#### [PROBLEM TO SOLVE]
In the records below, find the line with "Natural Bug Bite Relief", then copy each line exactly until you have copied the line with "Ischemic Heart Disease Drugs Market". Leave any picture out.

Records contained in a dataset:
"""

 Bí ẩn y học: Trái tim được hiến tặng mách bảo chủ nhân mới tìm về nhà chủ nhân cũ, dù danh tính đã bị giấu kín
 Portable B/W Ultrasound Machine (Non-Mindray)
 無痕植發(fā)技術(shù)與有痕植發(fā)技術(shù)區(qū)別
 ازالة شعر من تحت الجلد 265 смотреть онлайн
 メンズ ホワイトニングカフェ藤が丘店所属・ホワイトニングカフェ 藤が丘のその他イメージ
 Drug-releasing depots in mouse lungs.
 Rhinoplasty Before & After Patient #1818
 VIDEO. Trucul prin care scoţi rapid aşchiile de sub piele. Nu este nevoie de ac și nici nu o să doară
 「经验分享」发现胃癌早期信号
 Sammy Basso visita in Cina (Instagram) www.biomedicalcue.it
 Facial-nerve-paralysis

"""
"""

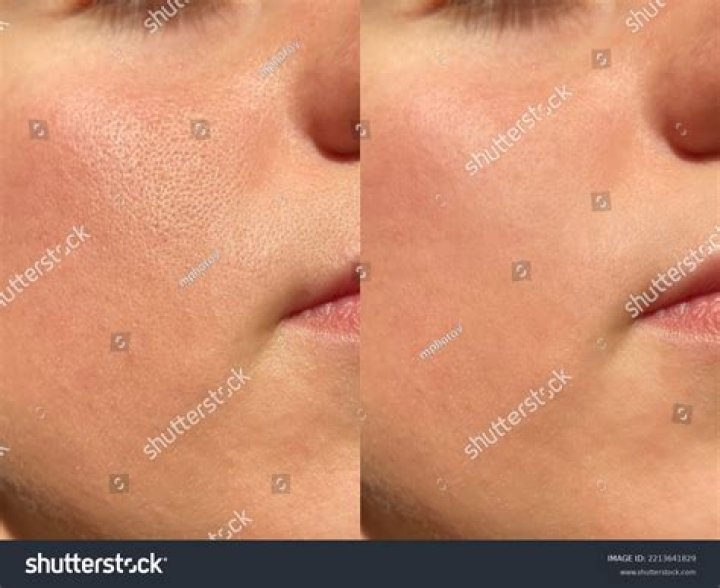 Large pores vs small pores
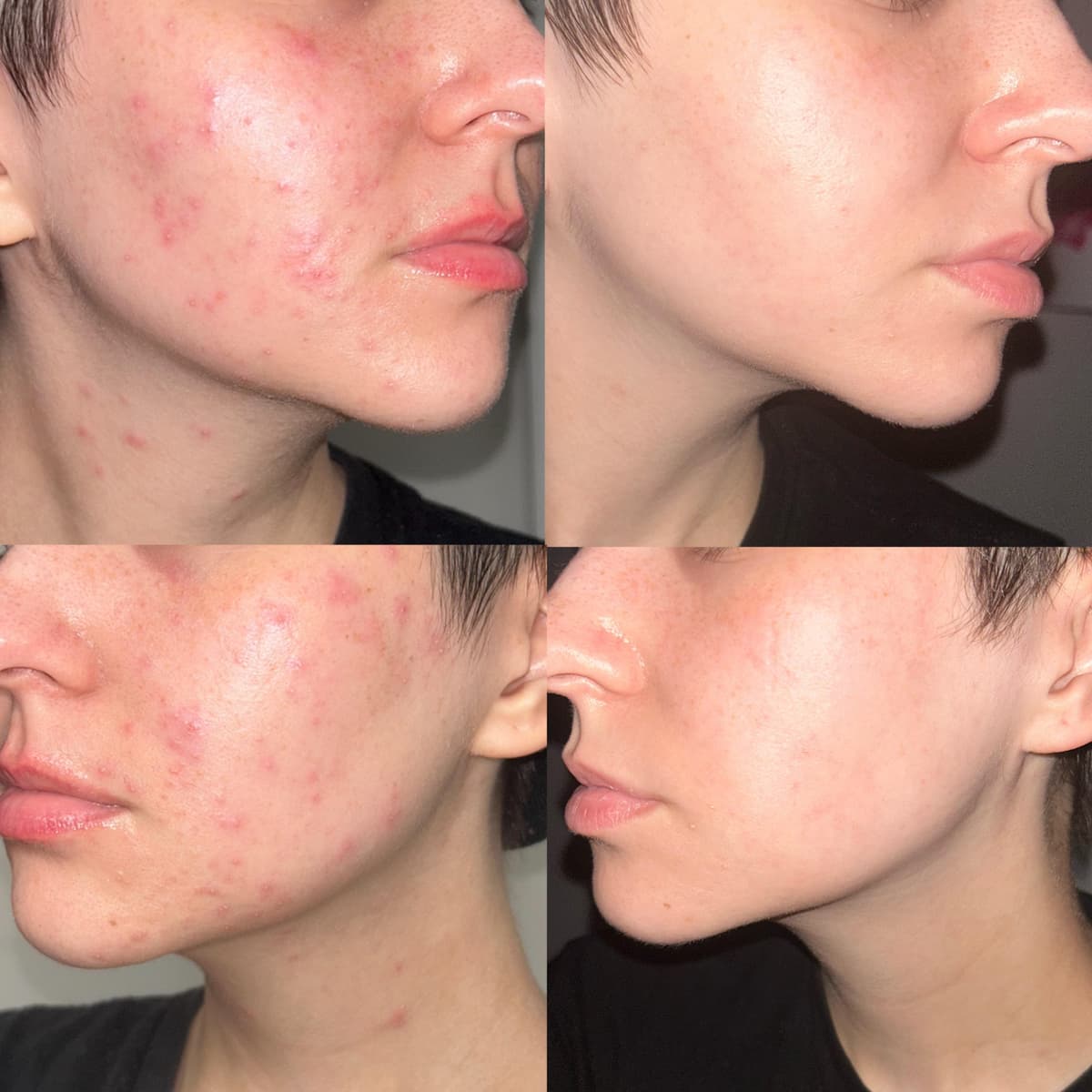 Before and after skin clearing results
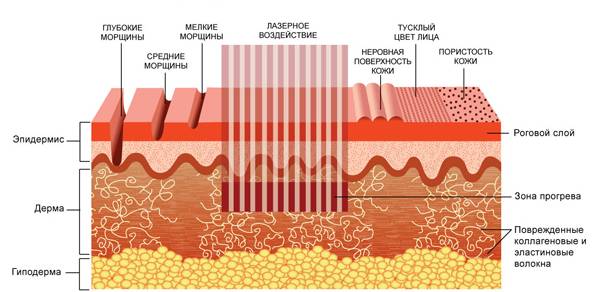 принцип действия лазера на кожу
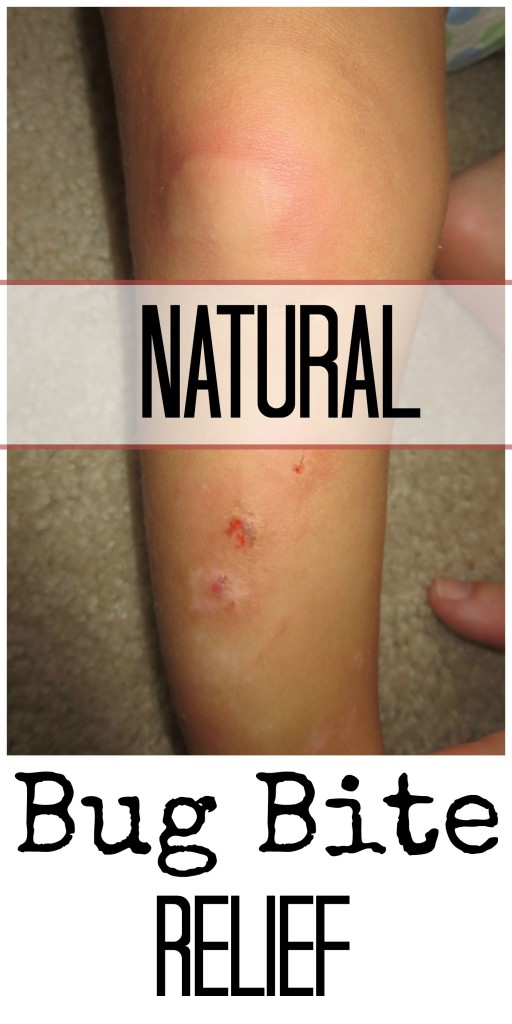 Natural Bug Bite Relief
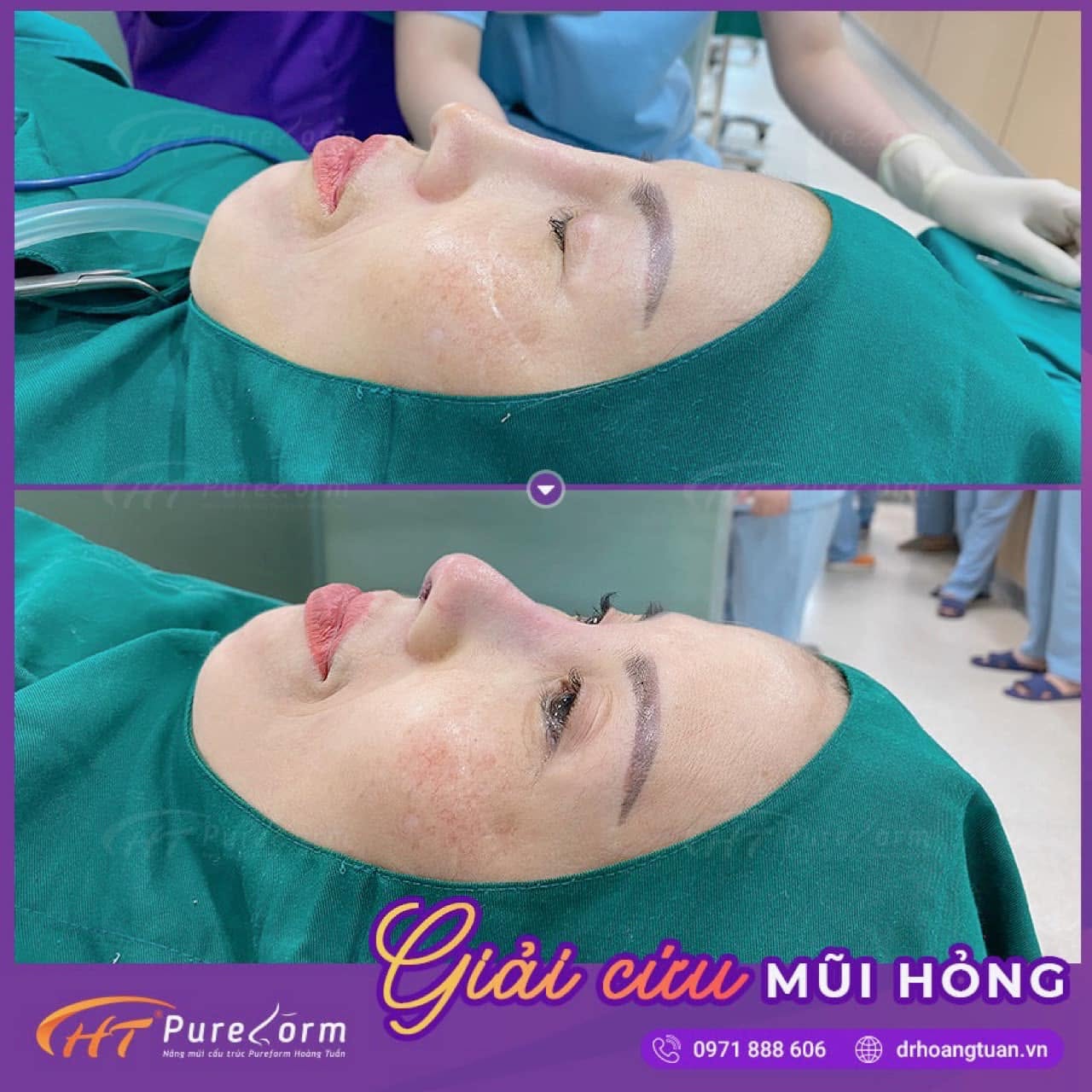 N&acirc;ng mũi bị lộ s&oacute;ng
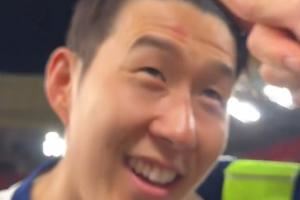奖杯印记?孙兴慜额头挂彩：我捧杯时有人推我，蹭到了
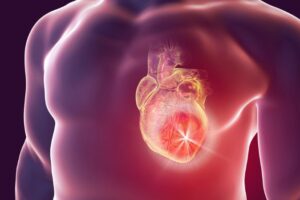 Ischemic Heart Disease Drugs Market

"""

#### [SOLUTION TO THIS TASK]
 Natural Bug Bite Relief
 N&acirc;ng mũi bị lộ s&oacute;ng
奖杯印记?孙兴慜额头挂彩：我捧杯时有人推我，蹭到了
 Ischemic Heart Disease Drugs Market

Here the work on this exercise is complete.